LIC, which receives about Rs 2 lakh crore in premiums every financial year, said it rarely faced redemption pressure, a problem other insurers claimed was a reason for selling. "Most insurance companies are selling, as they are staring at redemptions," said Prashant Sharma, chief investment officer, Max Life Insurance.
The LIC official said the continuous flow of premium money every year would help the company stick to its age-old investment strategy in 2013, too. "Nobody has ever caught the market when it is at an all-time high or an all-time low by design. Nobody actually knows what would happen to the market next year. But we are ready with our ammunition to sell next year," the official said.
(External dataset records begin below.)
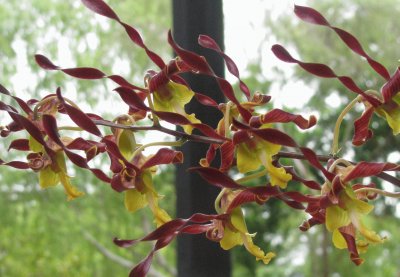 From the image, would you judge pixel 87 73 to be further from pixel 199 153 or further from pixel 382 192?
pixel 199 153

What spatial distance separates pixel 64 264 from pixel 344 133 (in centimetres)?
145

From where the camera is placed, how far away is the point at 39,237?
115 inches

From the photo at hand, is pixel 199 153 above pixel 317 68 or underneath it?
underneath

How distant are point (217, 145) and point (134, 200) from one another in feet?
0.19

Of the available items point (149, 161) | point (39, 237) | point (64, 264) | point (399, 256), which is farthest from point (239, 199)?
point (399, 256)

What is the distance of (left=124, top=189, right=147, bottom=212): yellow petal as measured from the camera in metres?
0.32

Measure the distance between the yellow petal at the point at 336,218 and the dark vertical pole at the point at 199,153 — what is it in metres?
0.34

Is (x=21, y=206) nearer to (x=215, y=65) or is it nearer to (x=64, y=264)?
(x=64, y=264)

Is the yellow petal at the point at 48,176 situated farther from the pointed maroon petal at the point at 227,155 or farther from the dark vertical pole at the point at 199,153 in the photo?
the dark vertical pole at the point at 199,153

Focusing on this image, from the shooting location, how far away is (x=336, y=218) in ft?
1.03

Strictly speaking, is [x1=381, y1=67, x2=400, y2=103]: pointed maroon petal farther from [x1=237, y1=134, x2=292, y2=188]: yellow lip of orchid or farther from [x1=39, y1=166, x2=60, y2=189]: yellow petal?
[x1=39, y1=166, x2=60, y2=189]: yellow petal

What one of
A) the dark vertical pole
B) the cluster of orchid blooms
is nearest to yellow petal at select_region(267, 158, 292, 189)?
the cluster of orchid blooms

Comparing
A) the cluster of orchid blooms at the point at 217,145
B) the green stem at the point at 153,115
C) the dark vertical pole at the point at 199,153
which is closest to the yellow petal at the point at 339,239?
the cluster of orchid blooms at the point at 217,145

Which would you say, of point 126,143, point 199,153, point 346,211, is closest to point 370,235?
point 346,211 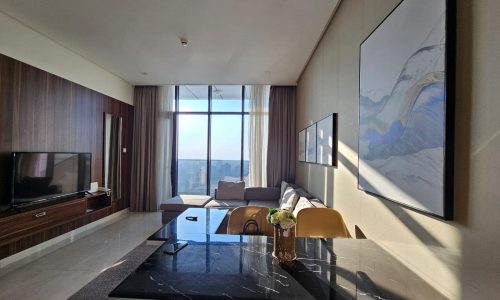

So far, most foreign investment banks such as Goldman Sachs, Morgan Stanley and HSBC are betting on further upsides in the nation's benchmark indices, owing to sustained inflows from foreign institutional investors. While Morgan Stanley expects the Sensex to rise about 20 per cent to 23,079 by December 2013, Goldman Sachs feels the Nifty would rise to 6,600-levels. Murray Gunn, head of technical analysis at HSBC, said the Sensex could touch 25,000 next year.
On Thursday, the Sensex closed at 19,323.80, while the Nifty closed at 5,870.10.